▶ _Task description_: An exact copy is needed of the lines in the entries below from the line with "แหวนเงินแท้ราคาถูกชุบทองคำขาว พลอยแท้โกเมน 1.65" up to and including the line with "Deux afro-américains, avec", and of nothing else. Leave the pictures out.

▶ _Material for this task_:
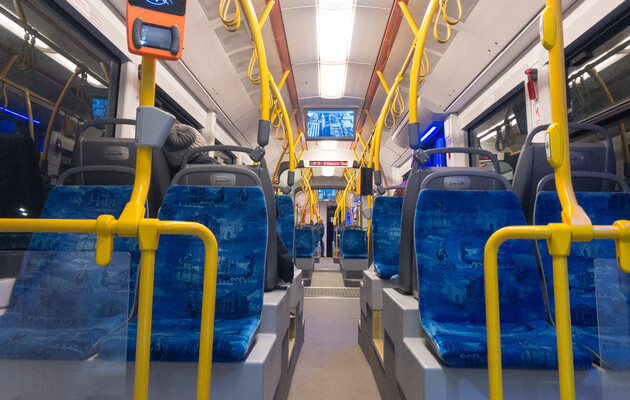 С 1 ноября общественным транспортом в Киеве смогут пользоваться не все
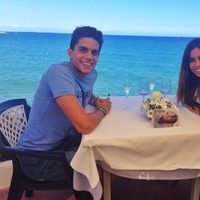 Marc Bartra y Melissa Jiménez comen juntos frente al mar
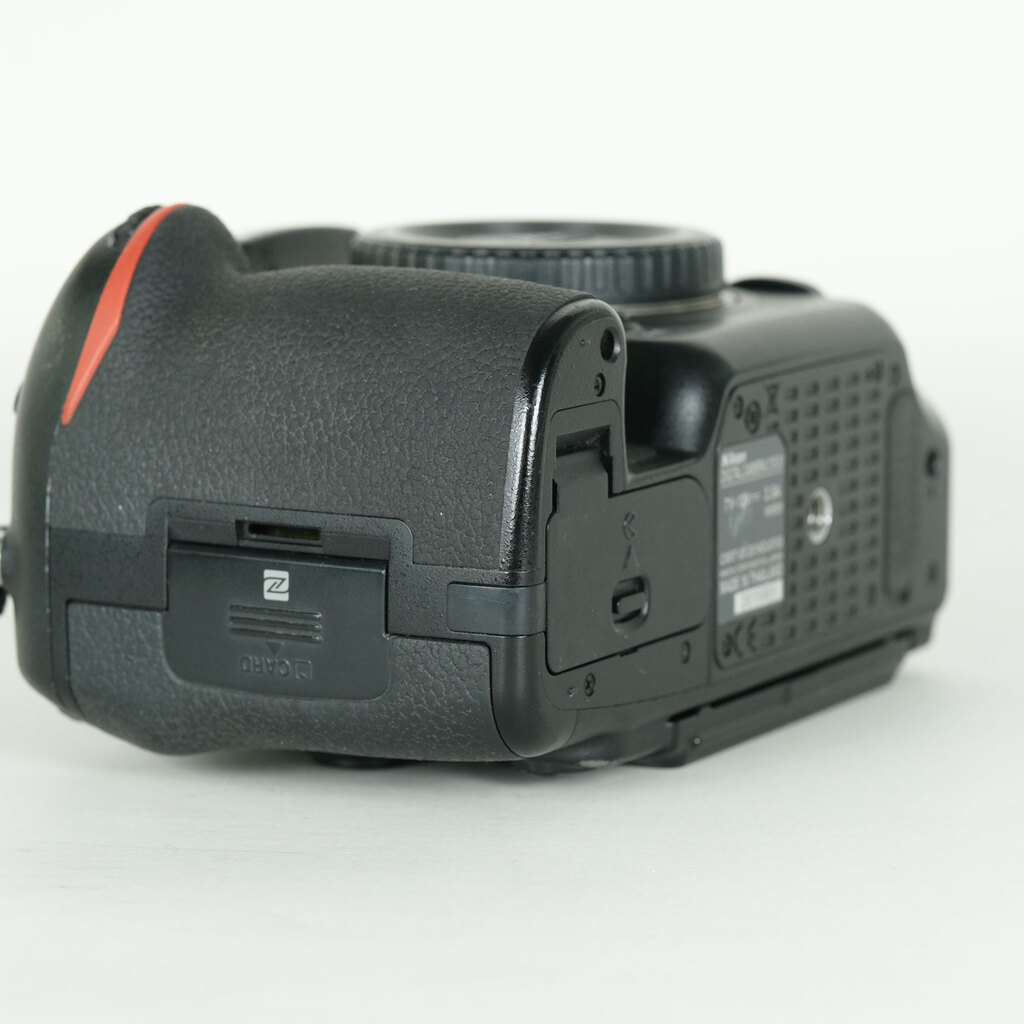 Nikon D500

==

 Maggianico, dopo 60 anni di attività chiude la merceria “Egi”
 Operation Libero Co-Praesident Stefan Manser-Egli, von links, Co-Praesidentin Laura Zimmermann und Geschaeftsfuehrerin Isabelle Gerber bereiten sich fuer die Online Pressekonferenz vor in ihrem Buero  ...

* * *

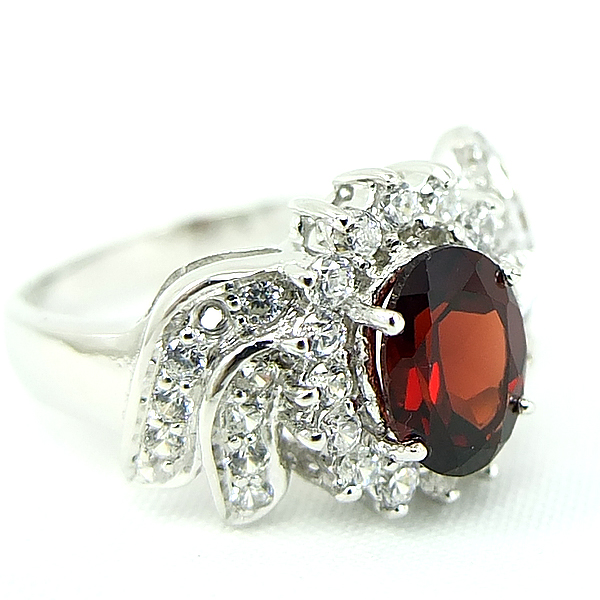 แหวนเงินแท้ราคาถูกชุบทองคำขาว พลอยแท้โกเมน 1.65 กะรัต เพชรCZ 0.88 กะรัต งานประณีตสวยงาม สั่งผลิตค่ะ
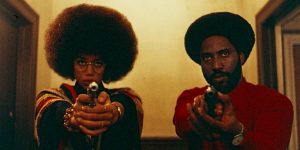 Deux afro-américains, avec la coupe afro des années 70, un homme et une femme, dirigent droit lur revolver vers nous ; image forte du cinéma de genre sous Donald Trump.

▶ _Solution to this task_:
 แหวนเงินแท้ราคาถูกชุบทองคำขาว พลอยแท้โกเมน 1.65 กะรัต เพชรCZ 0.88 กะรัต งานประณีตสวยงาม สั่งผลิตค่ะ
 Deux afro-américains, avec la coupe afro des années 70, un homme et une femme, dirigent droit lur revolver vers nous ; image forte du cinéma de genre sous Donald Trump.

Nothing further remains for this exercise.